Como é lógico, seu pedido não foi repassado para o Intendente.

Faltando uma hora a findar-se a noite e começo da madrugada do dia 18 para o dia 19, em frente a Cadeia Pública de Mossoró, um preso dorme profundamente quando, dois carros com vários policiais estacionam bem em frente ao prédio.

Sem delongas o preso é bruscamente acordado e escuta do policial que o acordou, que iriam para a capital do Estado.

Nesse momento, mais dois policias agarram o prisioneiro e, suspendendo-o o arrastam para fora do prédio. Naquele alvoroço todo, o preso refere que estar com os pés descalços e que, na cela, estão as suas alpercatas, que alguém pegue, pois não queria chegar à Capital sem.
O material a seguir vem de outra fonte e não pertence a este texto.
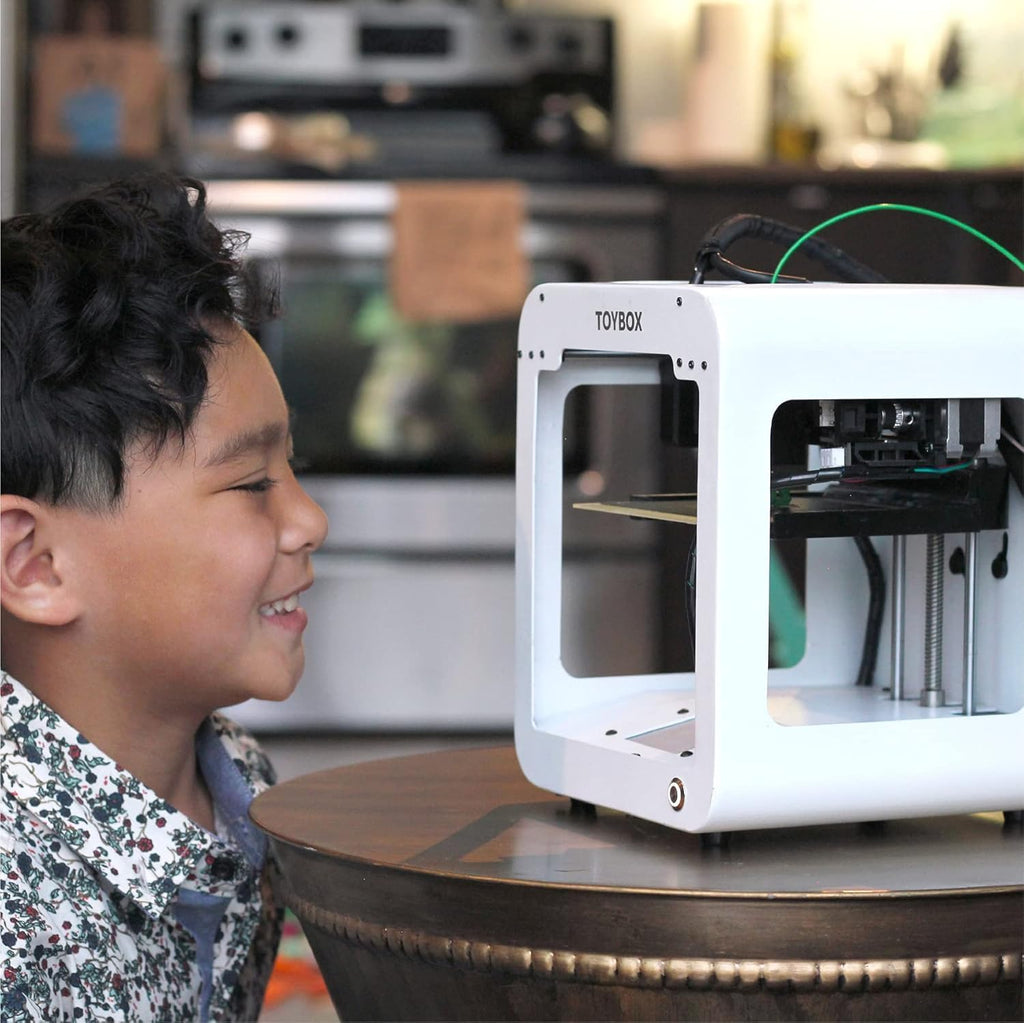 3D Printer for Beginners and Kids with Fast Printing, Easy Setup, Safe Design, Free App with Access to 10,000+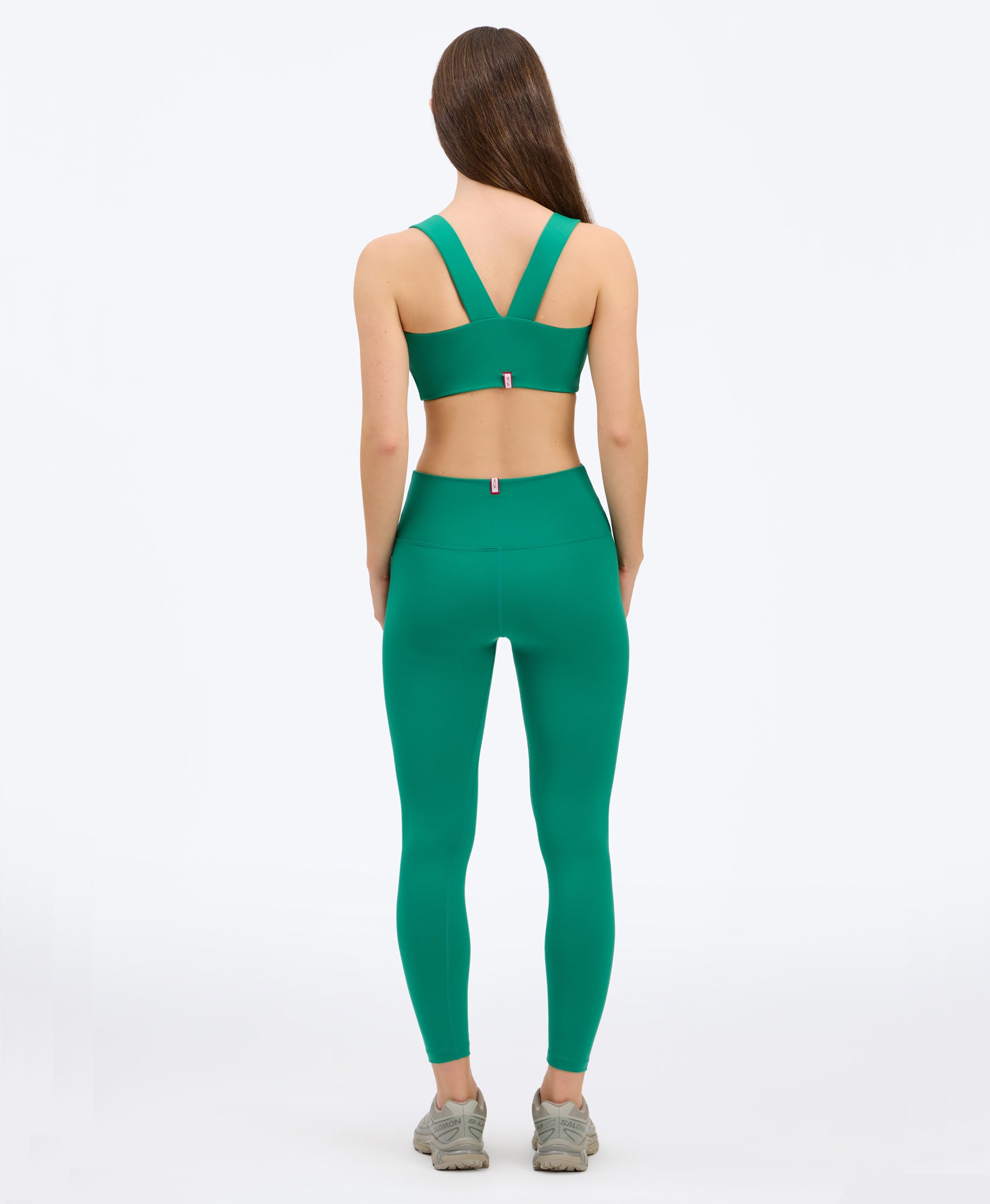 Wear One's At Routine Legging in betty on studio model back view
Alguém, dentre a escolta, diz que, lá chegando, ele lhe presentearia com um par novo.

Nesse momento, experiente como era, José Leite de Santana, deve ter percebido que seu destino, de maneira alguma, seria viajar para cidade de Natal, capital do Rio Grande do Norte, mas, que faria outra “viagem”.

Segue o automóvel pelas ruas desertas e silenciosas da cidade, dentro dele um “condenado” sabedor de seu destino. Rodaram, evitando os maiores logradouros e param diante daquele que seria, para sempre, o endereço do cangaceiro “Jararaca’, o Cemitério Público. 

Sua escolta era formada pelos “tenentes João Antunes, Laurentino de Morais e Abdon Nunes; mais os sargentos João Laurentino Soares, Pedro Silvio de Morais e Eugênio Rodrigues; mais os cabos Manoel e José Trajano; completando com os soldados João Arcanjo e Militão Paulo” (BRITO, 1996)

“(...) Homero Couto, o motorneiro, testemunhou ao escritor Raul Fernandes o início da execução:

O soldado do lado oposto, ( frise-se aqui, que ao descer um dos soldados puxar a perna ferida do preso, arrancando do mesmo um urro de dor), desferi-lhe  violenta coronhada de fuzil na cabeça, sem dar-lhe tempo ao mais leve gesto de defesa. Sucederam-se as pancadas. Tomavam proporções altíssimas, em meio ao silêncio da noite. Parecia que socavam terra. (FERNADES, 1985, P 2110)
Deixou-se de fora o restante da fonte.